■ **THE DATA**
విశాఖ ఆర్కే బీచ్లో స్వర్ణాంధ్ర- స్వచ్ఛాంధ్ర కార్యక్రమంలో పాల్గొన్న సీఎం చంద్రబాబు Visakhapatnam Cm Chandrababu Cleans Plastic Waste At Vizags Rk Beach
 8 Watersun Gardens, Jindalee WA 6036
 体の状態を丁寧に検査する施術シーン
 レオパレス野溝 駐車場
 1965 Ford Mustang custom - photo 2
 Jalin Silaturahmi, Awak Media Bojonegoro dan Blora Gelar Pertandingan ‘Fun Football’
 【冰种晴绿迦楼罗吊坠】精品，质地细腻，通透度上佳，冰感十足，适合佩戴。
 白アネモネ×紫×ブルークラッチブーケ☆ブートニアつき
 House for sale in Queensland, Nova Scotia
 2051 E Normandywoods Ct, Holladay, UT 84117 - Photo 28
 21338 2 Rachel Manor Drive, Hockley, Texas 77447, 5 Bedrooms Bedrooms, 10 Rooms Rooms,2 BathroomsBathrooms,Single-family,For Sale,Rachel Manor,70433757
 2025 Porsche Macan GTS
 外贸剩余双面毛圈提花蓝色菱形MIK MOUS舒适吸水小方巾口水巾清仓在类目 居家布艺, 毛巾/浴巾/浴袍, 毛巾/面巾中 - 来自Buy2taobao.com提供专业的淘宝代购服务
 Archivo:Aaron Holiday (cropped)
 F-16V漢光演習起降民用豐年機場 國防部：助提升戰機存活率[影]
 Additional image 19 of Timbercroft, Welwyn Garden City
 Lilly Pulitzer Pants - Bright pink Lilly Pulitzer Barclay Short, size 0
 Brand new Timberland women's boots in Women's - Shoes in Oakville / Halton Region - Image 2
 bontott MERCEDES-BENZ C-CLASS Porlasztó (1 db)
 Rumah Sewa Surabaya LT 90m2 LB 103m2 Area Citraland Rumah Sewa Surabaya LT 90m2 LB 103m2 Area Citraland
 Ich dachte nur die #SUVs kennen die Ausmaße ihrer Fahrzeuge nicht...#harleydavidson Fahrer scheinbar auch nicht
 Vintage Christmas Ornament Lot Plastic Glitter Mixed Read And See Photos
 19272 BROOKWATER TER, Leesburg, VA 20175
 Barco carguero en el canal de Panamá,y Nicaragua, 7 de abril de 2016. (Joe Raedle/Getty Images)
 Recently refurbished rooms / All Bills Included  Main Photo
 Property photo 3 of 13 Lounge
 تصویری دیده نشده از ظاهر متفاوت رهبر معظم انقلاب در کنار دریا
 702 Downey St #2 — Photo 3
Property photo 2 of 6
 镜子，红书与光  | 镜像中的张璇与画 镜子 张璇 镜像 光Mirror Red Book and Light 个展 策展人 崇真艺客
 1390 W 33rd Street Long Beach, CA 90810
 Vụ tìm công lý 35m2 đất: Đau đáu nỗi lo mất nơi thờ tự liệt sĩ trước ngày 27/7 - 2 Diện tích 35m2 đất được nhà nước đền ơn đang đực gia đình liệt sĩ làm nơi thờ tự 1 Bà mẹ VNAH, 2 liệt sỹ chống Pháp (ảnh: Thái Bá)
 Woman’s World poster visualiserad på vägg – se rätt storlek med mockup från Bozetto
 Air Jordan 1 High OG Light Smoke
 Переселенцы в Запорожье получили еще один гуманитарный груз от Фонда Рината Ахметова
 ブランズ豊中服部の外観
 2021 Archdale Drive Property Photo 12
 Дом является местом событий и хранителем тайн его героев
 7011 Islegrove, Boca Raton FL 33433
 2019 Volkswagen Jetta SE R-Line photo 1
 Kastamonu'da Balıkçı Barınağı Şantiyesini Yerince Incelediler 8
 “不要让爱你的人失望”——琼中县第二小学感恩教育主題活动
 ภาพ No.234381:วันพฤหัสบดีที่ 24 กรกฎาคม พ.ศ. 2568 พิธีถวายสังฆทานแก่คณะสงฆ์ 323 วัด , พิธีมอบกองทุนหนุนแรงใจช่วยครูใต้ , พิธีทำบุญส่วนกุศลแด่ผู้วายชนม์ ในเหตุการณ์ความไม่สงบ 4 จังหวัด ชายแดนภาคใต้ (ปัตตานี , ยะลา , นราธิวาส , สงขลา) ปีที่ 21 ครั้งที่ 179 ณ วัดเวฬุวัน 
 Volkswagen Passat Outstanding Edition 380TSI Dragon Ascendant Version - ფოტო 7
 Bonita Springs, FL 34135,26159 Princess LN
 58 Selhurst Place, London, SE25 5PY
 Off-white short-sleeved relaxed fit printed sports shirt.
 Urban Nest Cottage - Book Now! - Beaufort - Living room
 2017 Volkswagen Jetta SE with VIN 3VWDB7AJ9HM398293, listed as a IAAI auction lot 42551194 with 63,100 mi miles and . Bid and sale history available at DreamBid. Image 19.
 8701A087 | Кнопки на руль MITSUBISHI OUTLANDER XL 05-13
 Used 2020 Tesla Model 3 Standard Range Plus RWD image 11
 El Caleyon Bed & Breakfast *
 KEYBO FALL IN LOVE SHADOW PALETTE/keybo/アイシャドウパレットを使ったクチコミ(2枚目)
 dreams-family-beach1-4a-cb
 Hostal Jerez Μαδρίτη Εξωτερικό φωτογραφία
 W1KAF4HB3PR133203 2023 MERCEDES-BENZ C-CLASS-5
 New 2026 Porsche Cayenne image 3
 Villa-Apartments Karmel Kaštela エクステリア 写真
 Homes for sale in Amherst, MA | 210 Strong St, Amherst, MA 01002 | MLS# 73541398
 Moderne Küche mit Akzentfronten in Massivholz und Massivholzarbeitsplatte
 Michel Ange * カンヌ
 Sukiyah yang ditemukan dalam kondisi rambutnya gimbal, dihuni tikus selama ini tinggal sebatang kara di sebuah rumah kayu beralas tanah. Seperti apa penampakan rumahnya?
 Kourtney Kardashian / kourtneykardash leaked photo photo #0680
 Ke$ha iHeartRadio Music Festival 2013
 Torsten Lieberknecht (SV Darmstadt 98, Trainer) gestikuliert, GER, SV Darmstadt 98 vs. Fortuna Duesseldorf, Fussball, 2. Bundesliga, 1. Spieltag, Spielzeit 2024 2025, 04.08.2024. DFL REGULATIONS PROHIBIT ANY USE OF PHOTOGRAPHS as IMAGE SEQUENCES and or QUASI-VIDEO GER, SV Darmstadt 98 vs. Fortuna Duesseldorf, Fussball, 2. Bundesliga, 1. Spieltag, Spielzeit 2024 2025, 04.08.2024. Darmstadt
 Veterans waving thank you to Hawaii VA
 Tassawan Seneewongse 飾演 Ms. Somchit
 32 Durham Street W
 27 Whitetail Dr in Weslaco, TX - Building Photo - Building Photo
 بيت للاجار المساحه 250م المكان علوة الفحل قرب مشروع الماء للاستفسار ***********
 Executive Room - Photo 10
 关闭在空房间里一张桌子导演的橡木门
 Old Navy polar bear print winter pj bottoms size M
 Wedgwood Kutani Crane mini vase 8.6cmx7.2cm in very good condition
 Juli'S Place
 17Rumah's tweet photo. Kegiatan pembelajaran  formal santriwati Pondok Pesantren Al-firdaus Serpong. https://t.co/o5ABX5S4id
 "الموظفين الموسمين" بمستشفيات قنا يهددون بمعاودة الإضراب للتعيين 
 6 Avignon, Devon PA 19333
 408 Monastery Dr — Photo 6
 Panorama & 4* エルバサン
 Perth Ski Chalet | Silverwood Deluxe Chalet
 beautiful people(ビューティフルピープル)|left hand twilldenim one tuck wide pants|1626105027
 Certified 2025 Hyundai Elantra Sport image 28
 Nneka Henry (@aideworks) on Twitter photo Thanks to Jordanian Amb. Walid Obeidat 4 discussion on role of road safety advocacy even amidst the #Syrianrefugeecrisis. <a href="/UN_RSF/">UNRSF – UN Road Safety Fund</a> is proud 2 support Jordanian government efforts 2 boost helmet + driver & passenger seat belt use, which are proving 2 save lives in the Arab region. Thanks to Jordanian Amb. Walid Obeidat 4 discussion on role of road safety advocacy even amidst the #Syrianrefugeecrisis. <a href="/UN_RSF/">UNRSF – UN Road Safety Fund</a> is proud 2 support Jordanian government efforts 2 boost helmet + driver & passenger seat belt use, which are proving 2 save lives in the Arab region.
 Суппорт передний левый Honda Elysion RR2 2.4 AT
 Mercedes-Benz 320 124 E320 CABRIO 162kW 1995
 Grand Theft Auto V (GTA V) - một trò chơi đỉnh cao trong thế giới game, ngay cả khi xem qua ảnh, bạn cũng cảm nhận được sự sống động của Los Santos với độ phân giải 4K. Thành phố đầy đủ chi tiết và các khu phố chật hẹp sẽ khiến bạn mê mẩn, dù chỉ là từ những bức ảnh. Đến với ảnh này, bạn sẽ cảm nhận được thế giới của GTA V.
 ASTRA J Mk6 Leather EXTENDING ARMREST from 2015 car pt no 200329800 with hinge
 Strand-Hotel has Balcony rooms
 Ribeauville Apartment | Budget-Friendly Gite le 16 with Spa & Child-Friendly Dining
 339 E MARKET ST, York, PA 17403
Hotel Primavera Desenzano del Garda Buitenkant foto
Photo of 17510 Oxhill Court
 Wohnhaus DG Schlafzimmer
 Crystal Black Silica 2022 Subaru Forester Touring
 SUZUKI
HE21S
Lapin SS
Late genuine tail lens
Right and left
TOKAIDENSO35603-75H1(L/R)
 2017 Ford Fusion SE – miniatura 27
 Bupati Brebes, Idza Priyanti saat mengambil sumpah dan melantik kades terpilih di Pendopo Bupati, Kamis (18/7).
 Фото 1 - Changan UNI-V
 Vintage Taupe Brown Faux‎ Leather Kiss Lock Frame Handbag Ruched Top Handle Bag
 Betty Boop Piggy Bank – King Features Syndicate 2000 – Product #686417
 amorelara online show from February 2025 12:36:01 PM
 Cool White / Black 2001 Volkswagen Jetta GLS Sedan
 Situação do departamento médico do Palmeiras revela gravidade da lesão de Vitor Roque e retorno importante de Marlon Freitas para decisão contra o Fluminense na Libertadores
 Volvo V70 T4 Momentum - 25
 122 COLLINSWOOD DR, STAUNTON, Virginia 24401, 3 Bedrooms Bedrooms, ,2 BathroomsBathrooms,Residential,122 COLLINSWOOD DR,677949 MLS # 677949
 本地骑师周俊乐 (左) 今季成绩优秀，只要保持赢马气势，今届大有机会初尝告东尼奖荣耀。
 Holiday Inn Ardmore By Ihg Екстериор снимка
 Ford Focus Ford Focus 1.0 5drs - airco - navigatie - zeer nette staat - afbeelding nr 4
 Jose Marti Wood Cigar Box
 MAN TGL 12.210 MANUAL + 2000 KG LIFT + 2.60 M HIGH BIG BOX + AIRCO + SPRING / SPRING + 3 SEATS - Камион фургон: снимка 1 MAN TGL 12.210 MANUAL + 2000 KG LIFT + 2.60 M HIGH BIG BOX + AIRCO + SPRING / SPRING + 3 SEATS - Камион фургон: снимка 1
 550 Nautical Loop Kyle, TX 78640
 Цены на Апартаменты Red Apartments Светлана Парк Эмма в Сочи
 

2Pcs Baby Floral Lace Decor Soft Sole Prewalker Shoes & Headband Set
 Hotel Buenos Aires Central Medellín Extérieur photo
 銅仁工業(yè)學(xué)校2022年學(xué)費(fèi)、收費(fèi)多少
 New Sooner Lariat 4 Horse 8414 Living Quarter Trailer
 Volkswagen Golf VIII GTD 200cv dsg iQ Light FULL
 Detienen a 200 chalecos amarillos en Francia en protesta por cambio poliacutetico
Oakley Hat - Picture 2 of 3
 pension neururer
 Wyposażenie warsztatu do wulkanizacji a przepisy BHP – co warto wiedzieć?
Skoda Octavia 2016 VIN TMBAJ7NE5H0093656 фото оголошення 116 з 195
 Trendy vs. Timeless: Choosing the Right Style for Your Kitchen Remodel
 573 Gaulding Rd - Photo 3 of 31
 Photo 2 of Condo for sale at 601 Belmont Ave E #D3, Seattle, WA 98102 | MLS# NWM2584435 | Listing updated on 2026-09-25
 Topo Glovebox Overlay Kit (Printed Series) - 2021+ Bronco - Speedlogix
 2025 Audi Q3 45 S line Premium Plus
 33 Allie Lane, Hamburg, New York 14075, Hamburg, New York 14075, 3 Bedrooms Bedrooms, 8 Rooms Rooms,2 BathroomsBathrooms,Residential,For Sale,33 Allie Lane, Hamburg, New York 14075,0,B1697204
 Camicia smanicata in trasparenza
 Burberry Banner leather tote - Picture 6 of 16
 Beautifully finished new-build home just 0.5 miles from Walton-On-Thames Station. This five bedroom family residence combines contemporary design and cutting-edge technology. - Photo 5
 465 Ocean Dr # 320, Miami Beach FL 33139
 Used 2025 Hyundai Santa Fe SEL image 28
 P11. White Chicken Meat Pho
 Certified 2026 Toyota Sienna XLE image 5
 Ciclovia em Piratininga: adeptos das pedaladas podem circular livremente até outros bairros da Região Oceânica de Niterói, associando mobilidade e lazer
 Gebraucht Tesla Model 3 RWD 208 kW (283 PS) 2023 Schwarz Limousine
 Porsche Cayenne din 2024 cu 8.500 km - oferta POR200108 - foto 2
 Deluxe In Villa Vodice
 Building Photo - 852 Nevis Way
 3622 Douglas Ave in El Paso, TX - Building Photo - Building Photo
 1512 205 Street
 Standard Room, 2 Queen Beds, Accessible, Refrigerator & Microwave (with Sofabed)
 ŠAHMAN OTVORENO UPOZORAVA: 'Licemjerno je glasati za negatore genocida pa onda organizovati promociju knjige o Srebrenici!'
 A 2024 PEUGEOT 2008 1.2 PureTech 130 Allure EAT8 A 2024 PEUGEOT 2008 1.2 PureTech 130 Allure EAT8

■ **WHAT TO PRODUCE**
Return each line of the preceding material in which "Deluxe" can be found.

■ **REPLY TO THE TASK**
 Perth Ski Chalet | Silverwood Deluxe Chalet
 Deluxe In Villa Vodice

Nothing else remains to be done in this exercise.